Open Finance : expérimenter tout en préservant le potentiel de création de valeur
L'Open Finance représente un nouveau terrain d’expérimentation, permettant aux clients de partager leurs informations financières avec des tiers pour bénéficier de services personnalisés. Emmanuelle Choukroun, Responsable adjointe des Relations Interbancaires, explore les enjeux, les opportunités et les défis associés à cette transformation, ainsi que l'impact des réglementations sur son développement.
Qu’est-ce que l’Open Finance ?
Il s’agit de permettre à un client de partager ses données financières avec un tiers. Les données peuvent être relatives à des comptes d’épargne (solde, rémunération), des prêts (capital emprunté, TAEG), des contrats d’assurance (prime, rente prévisionnelle), etc…
Un service d’Open Finance serait par exemple l’agrégation de différents comptes d’épargne détenus dans plusieurs établissements (livret A, livret bancaire, LDD etc.), complétée par différents produits d’investissements.

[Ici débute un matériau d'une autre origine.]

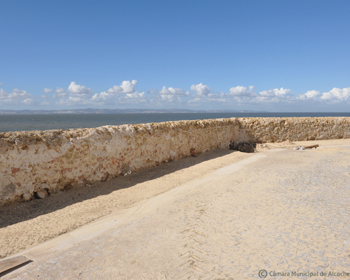 Requalificação da Frente Ribeirinha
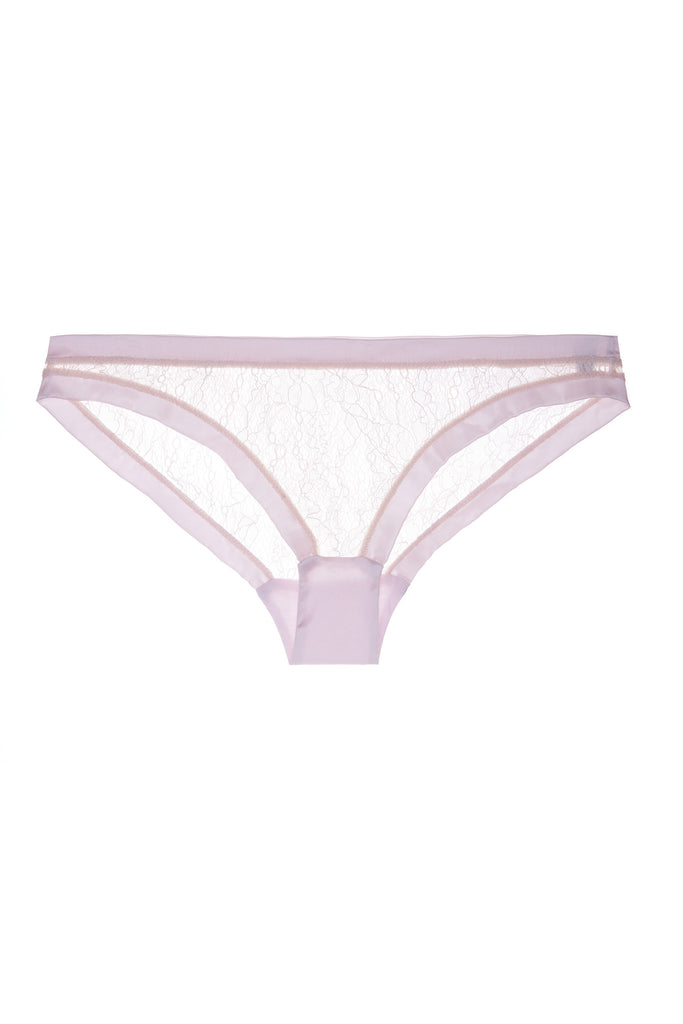 Silk and Lace Sugar Pie soft knicker by Mimi Holliday workingirls lingerie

Aujourd’hui, l’Open Finance ne fait pas l’objet d’une réglementation spécifique, même si des réglementations applicables au partage de données existent déjà : RGPD, Data Act… Le projet de règlement FIDA (« Financial Data Access ») s’inscrit dans la stratégie volontariste de l’Union Européenne en matière de données, avec l’ambition de créer des espaces de données harmonisées par secteur : Santé, Energie, Industrie et…Finance.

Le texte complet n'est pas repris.